By Bonnie A. Rabinovitch-Mantel, CFLS.
Divorces in San Diego where one spouse is self-employed can pose some unique challenges when it comes to dividing property and assets, and when it comes to determining spousal and/or child support. Unlike divorces wherein one or both parties are standard W-2 employees, in cases where you or your soon to be ex-spouse is self-employed, income is typically not as easy to verify.
One primary reason that self-employment often presents challenges to divorcing couples lies in the fact that self-employed San Diegans do not have readily predictable income for the future. In addition, business expenses which may be tax deductible are not necessarily considered valid deductions in the family court. If an agreement can’t be reached between parties on the amount of spousal support or child support, the court will be responsible for determining how much you will receive, or be ordered to pay each month. The court will rely heavily on the net income of the self-employed person to determine the appropriate amount support.

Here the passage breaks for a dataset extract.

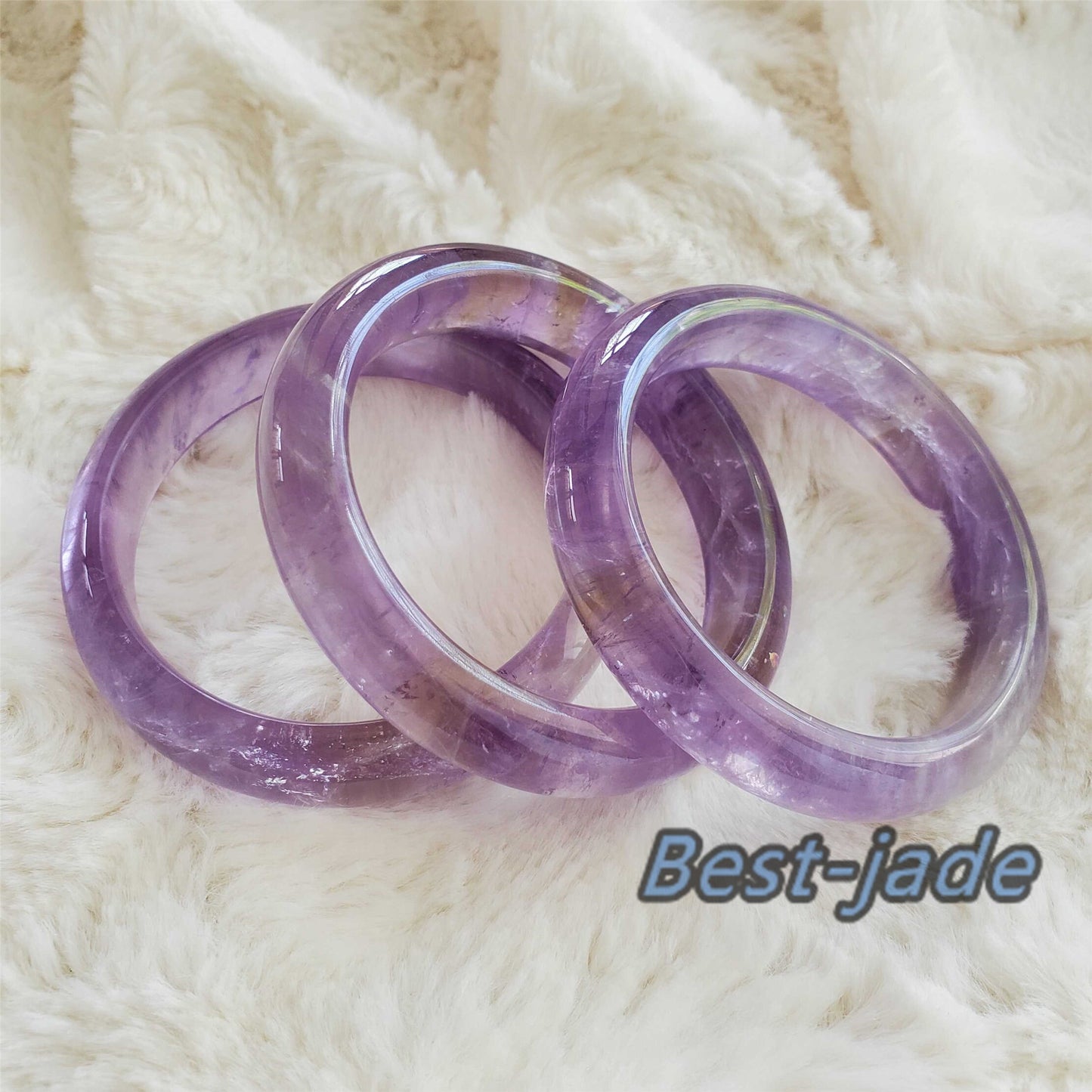 52-64mm Wholesale Natural Amethyst Round BANGLE amethystine bracelet Translucent Purple Quartz lavender crystal Chain A jade stone gift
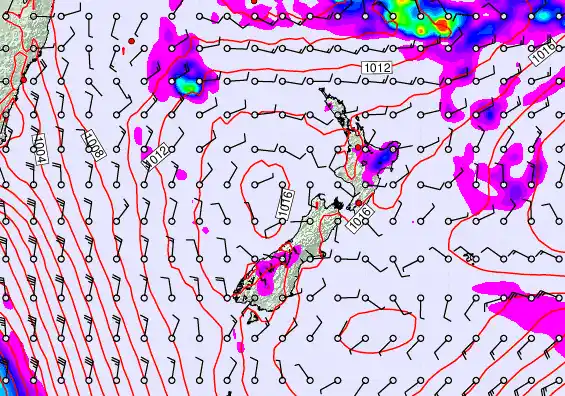 New Zealand forecast chart for Wednesday, February 11th, 2026 at 6:00 AM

So what can you do to make the division of property, assets, and money as easy as possible when seeking a divorce in San Diego?
1. Gather Your Tax Returns
Again, because spousal support and child support are based on income, it is important to provide your San Diego divorce lawyer with these documents as early as possible.
2. Provide Your Divorce Attorney With Complete Accounting of Business Expenses
Although the court may not deem certain expenses valid for purposes of determining spousal support and/or child support, your San Diego family law attorney will need this to best advocate on your behalf.
3. Be Prepared for a Forensic Accounting Analysis
Many self-employed people in San Diego don’t have a clear picture on their business expenses, or the valuation of their business, because they rely on an accountant or bookkeeper to balance this books. In other words, while the majority of self-employed Californians do know roughly how much money they have, make, and spend, when it comes to divorce, the tiniest details matter. That’s why forensic accounting analyses are frequent in divorces where one party is self-employed. If you’re self-employed and seeking a divorce in San Diego, be prepared to have to pay for this analysis, and be prepared to be patient as this detailed analysis can be time consuming.
Once you and your spouse have decided to divorce in San Diego, the smartest thing you can do to ensure that you receive or pay what is fair, is to retain an experienced divorce attorney. Experts in family law in San Diego will help you to sort out of the financials of your divorce, and provide zealous advocacy for what is right and reasonable when it comes to the division of assets and debts.